United, Continental to merge booking systems
United and Continental airlines are merging their computer reservation systems tonight. Will it create sky-high problems or be smooth sailing?
Adriene Hill: The creation of the world’s largest airline: the merger between United and Continental airlines. Late tonight, the two reservations systems will be integrated. In time, they promise, for East Coast travelers to check-in for Saturday flights. But marrying all that data — names, flights, credit card info, frequent flyer miles — is complicated, and expensive.
Marketplace’s Sally Herships reports.
Sally Herships: The reservation systems for big airlines, like Continental and United, are complex. Robert Mann, an analyst for the industry, uses the term man years, instead of man hours, to describe how much work it takes to merge systems like these.
Robert Mann: These tasks have been going on for upwards of 18 months in some cases.
Continental says it’s been training United employees, 15,000 of them, since last fall in how to use its system. Mann says the costs for these switchovers can run into the millions.

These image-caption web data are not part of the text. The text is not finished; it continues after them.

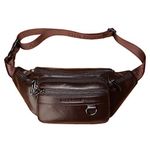 Leather Fanny Pack Waist Bag for Men Women Outdoor Travel Walking Hiking Camping Phone Pouch Wallet Casual Daypack #07coffee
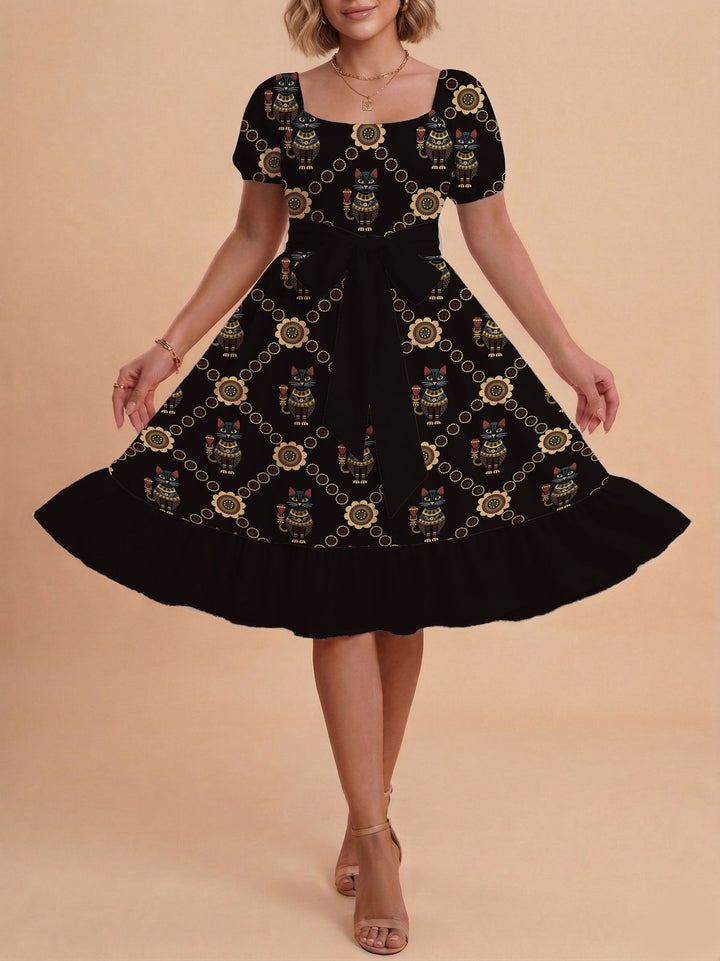 Damen Retro Maxiklänning med puffärmar och midjebälte Mirla-Eva Jonsson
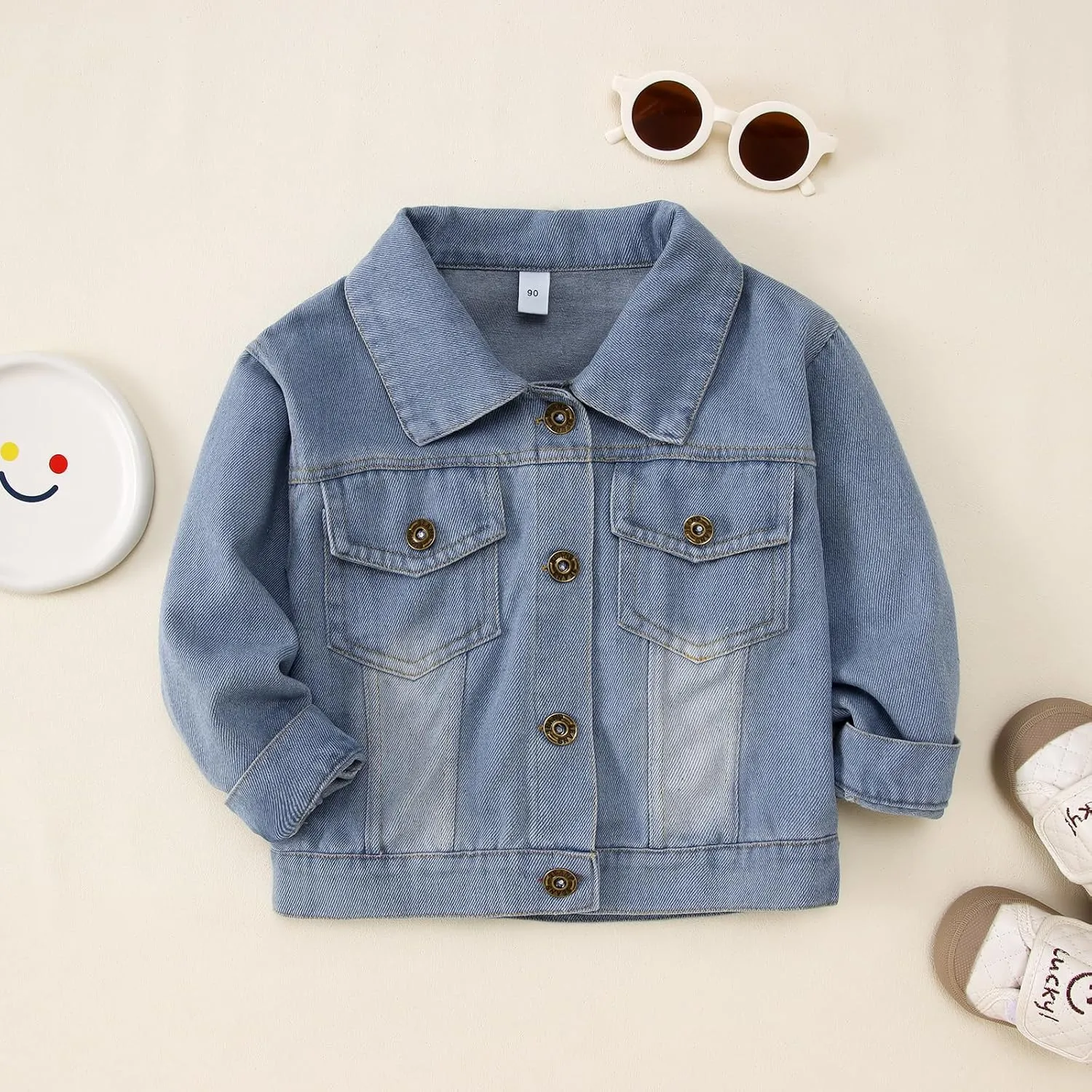 CM C&M WODRO Toddler Boys Girls Denim Jacket Big Brother Sister Embroidery Kids Jeans Jacket Top Button Down Coat Outerwear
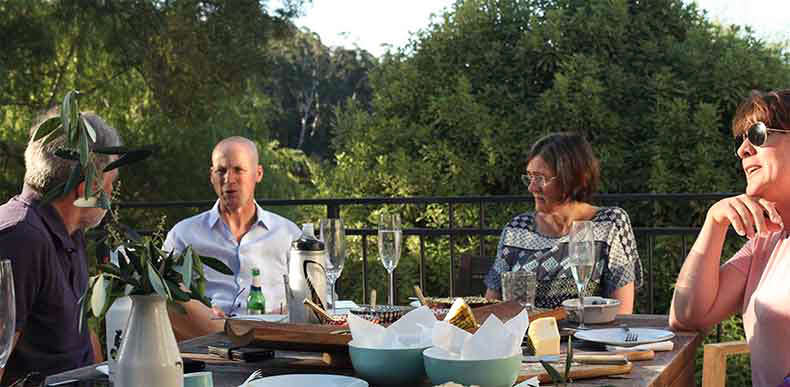 a group of people having aperitivo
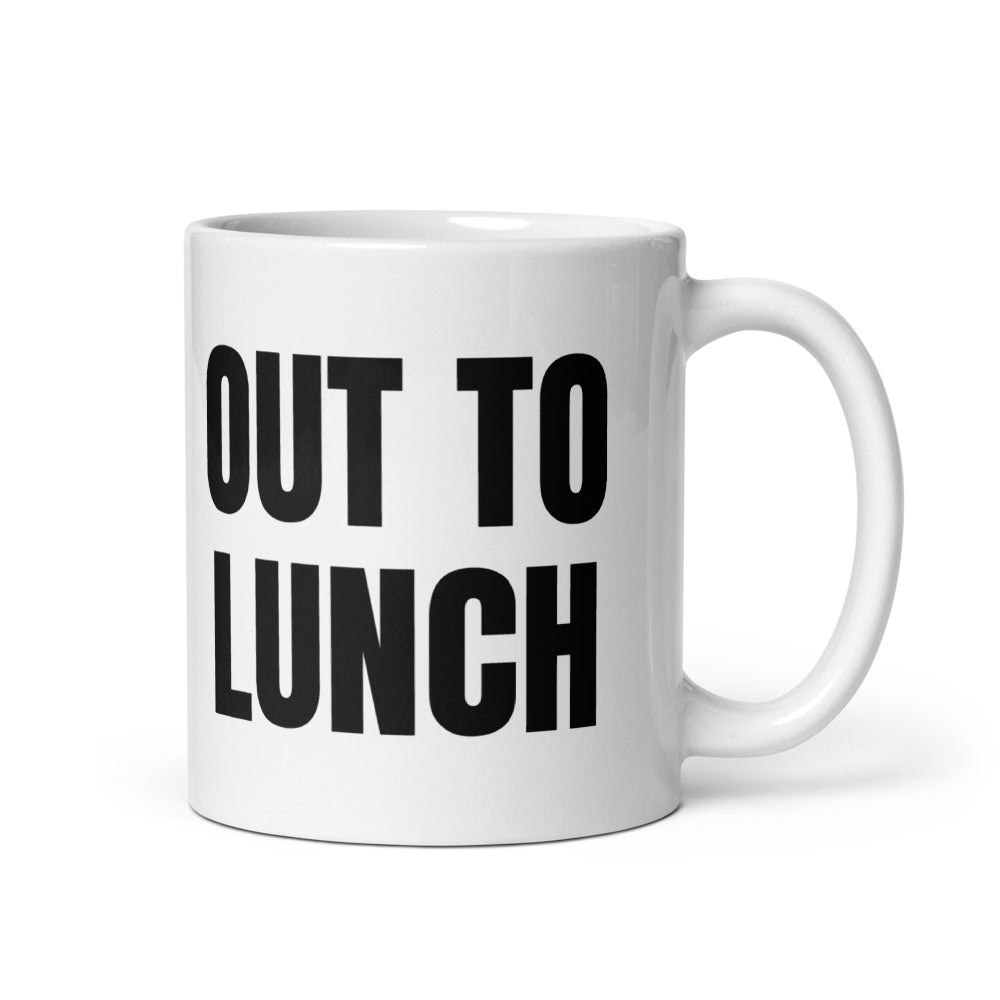 OUT TO LUNCH mug, white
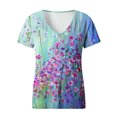 thumbnail image 4 of Moda Mujer Cuello en V Manga corta Impresión Jersey Blusas sueltas Tops Camiseta OAVQHLG3B Store lin121212, 4 of 4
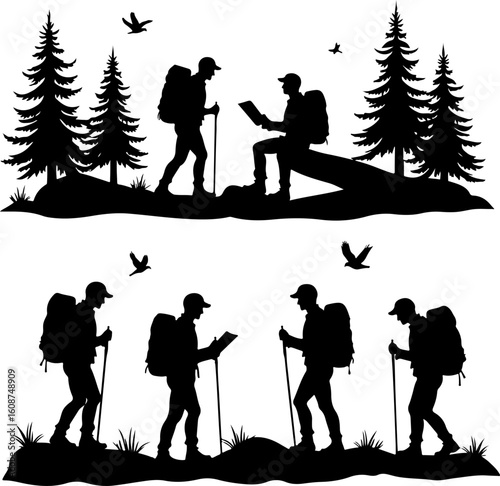 Hiking Adventure  Man outdoor  walking man illustration,
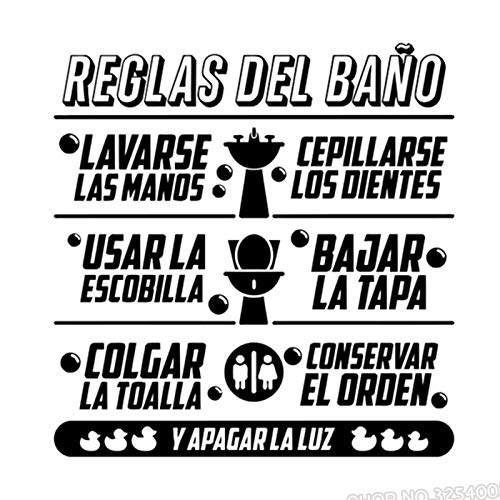 Bano Espanol Reglas De Cotizaciones De Vinilo Etiqueta De La Pared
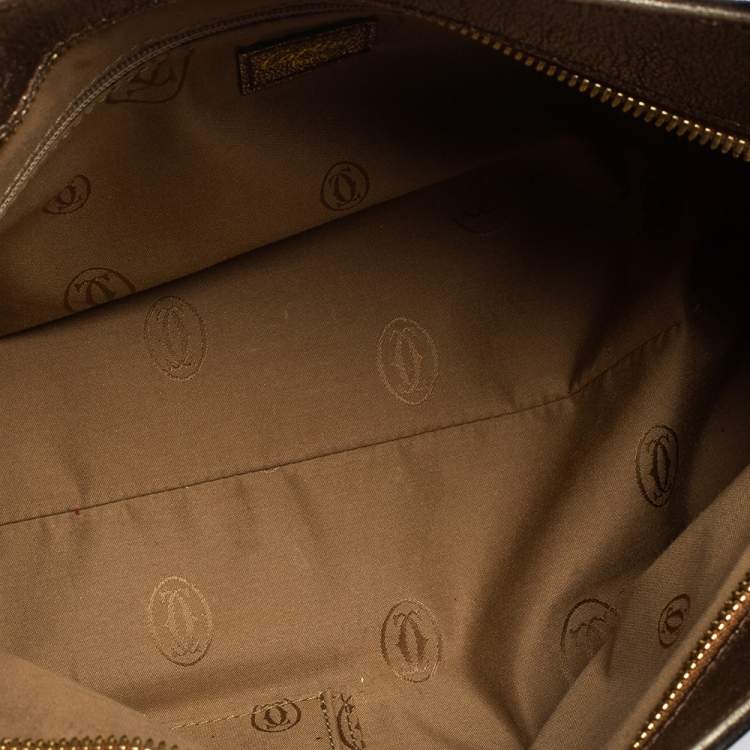 Pre Owned Cartier Gold Leather Marcello de Cartier Bag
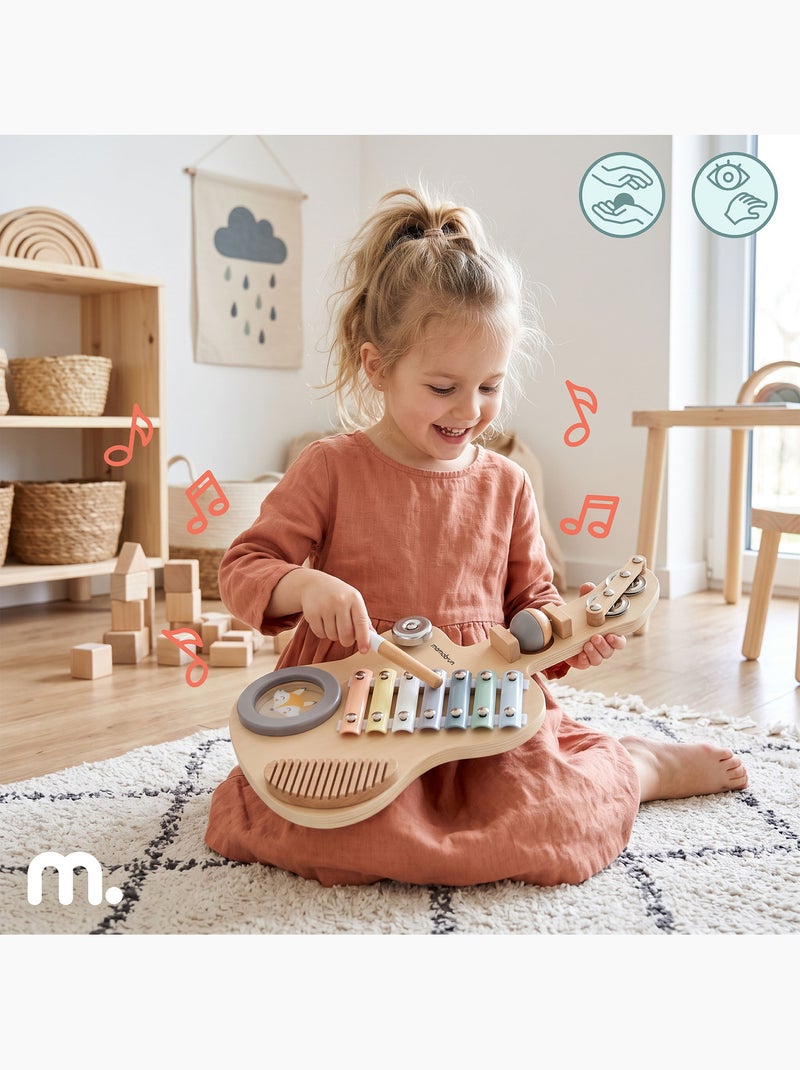 Guitarra sensorial madeira infantil carilhao tambor baqueta mamabrum N/D - Kiabi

Mann: It’s a big deal because it not only includes the reservation that you’ve made, but it includes any changes to the reservation you’ve made. Including…
Seat assignments or special meal requests. And airlines use passengers lists to estimate what’s called a weight and balance calculation. Mann says planes aren’t allowed to take off without itystem. But he says customers flying United this weekend shouldn’t have any reservations about their reservations. Though just in case, he says be sure to print out your boarding pass at home.
In New York, I’m Sally Herships for Marketplace.